Friday 8 May 2015

Microsoft Security Essentials / Windows Defender (2015) review


Simple, quiet and unobtrusive, how does Windows 8.1's latest built in security system stack up against the competition?



Despite the name change to Windows Defender, Microsoft Security Essentials is designed to work with the other security features baked into Windows. This includes the Windows Firewall and the SmartScreen website and download filter, and its biggest selling point is that you normally wouldn’t know it’s there. It updates automatically through Windows Update, and sends the few notifications you might see through the standard Action Center in the Windows system tray. It protects in real-time but also allows scheduled and manual scans, and there’s little reason to even open its control panel.

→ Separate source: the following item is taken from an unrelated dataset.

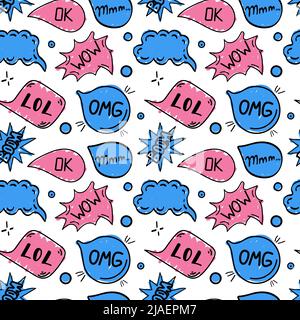 A seamless pattern of speech bubbles with hand-drawn doodle-style dialog words. OMG, Lool, Boom, Wow, Mmm. Vector illustration Stock Vector
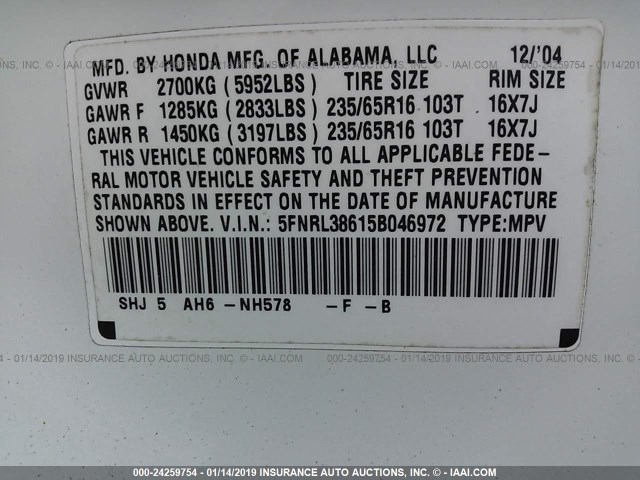 5FNRL38615B046972 - 2005 HONDA ODYSSEY EXL WHITE photo 9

If you do, you’ll find a simple UI with the focus on performing quick, full and custom scans, and on telling you whether the signatures are up to date. You can look through the history and see if any quarantined items deserve to be restored into the wild, while the settings allow you to exclude certain files, locations, file types or processes, and whether or not to scan removable drives.



That’s it. It’s a deliberately simple anti-malware tool, and speedy too, taking around 1min 33secs to complete a scan on our ageing dual-core PC. We also found it light on system resources, not noticeably affecting usability.

The problem is that Security Essentials can’t offer real peace of mind. While the latest update has managed to improve threat detection, in our tests Mirosoft Security Essentials was still compromised by 32% of threats. Its ability to allow legitimate software to work uninhibited did boost its overall accuracy score, but this is still a worrying result for Microsoft's built-in security tool. Honestly, we wouldn't trust our PCs and our data to Security Essentialls. Frankly, neither should you.